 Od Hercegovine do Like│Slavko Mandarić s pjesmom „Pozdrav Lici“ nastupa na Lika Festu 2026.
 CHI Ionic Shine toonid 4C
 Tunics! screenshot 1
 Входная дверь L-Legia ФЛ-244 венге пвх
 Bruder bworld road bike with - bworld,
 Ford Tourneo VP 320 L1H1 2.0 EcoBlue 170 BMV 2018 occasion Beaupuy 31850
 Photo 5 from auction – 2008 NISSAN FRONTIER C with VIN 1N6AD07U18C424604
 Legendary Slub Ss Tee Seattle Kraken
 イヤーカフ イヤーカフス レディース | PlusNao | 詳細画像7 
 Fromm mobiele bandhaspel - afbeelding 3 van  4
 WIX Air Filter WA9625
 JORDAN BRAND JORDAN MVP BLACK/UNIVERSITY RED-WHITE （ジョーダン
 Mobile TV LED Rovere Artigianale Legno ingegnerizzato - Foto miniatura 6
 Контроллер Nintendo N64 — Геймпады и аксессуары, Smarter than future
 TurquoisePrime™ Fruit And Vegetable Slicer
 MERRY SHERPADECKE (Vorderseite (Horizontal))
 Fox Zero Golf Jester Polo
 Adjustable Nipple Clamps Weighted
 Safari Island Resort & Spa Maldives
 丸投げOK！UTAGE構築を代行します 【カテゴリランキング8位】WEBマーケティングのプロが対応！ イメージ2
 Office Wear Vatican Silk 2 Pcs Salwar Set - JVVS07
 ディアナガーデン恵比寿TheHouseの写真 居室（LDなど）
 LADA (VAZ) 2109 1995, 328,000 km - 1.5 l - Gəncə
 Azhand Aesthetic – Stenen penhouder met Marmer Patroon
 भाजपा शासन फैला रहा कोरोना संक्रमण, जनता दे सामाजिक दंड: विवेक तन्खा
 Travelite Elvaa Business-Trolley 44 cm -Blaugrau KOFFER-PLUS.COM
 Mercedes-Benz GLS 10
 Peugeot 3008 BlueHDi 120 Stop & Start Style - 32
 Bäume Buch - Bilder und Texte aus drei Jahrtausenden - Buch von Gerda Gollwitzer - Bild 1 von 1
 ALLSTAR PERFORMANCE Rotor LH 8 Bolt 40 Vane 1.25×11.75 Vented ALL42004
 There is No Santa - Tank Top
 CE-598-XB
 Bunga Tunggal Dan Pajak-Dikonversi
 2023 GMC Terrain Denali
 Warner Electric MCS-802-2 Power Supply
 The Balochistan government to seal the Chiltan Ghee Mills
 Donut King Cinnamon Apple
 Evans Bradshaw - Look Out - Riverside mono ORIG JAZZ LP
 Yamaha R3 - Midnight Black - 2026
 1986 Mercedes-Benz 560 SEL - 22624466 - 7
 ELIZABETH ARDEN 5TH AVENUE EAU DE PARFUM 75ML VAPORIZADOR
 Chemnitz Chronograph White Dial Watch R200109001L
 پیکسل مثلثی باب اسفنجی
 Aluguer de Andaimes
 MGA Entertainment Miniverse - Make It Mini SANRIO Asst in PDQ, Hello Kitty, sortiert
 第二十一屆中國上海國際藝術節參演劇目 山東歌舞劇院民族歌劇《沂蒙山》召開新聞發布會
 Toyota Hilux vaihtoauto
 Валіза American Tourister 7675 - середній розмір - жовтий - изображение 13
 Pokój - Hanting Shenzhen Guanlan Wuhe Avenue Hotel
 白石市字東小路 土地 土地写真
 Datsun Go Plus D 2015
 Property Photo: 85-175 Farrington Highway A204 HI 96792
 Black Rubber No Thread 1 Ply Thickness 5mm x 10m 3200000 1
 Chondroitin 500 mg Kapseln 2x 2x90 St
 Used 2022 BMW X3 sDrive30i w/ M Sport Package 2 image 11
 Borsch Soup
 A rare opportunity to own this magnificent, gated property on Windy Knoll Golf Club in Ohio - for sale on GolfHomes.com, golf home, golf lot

TASK: In the listing above, locate the line containing "Chemnitz Chronograph White" and the line containing "Chondroitin 500 mg Kapseln 2x 2x90 St". Transcribe those two lines and everything between them, exactly as written.

OUTPUT OF THE TASK:
 Chemnitz Chronograph White Dial Watch R200109001L
 پیکسل مثلثی باب اسفنجی
 Aluguer de Andaimes
 MGA Entertainment Miniverse - Make It Mini SANRIO Asst in PDQ, Hello Kitty, sortiert
 第二十一屆中國上海國際藝術節參演劇目 山東歌舞劇院民族歌劇《沂蒙山》召開新聞發布會
 Toyota Hilux vaihtoauto
 Валіза American Tourister 7675 - середній розмір - жовтий - изображение 13
 Pokój - Hanting Shenzhen Guanlan Wuhe Avenue Hotel
 白石市字東小路 土地 土地写真
 Datsun Go Plus D 2015
 Property Photo: 85-175 Farrington Highway A204 HI 96792
 Black Rubber No Thread 1 Ply Thickness 5mm x 10m 3200000 1
 Chondroitin 500 mg Kapseln 2x 2x90 St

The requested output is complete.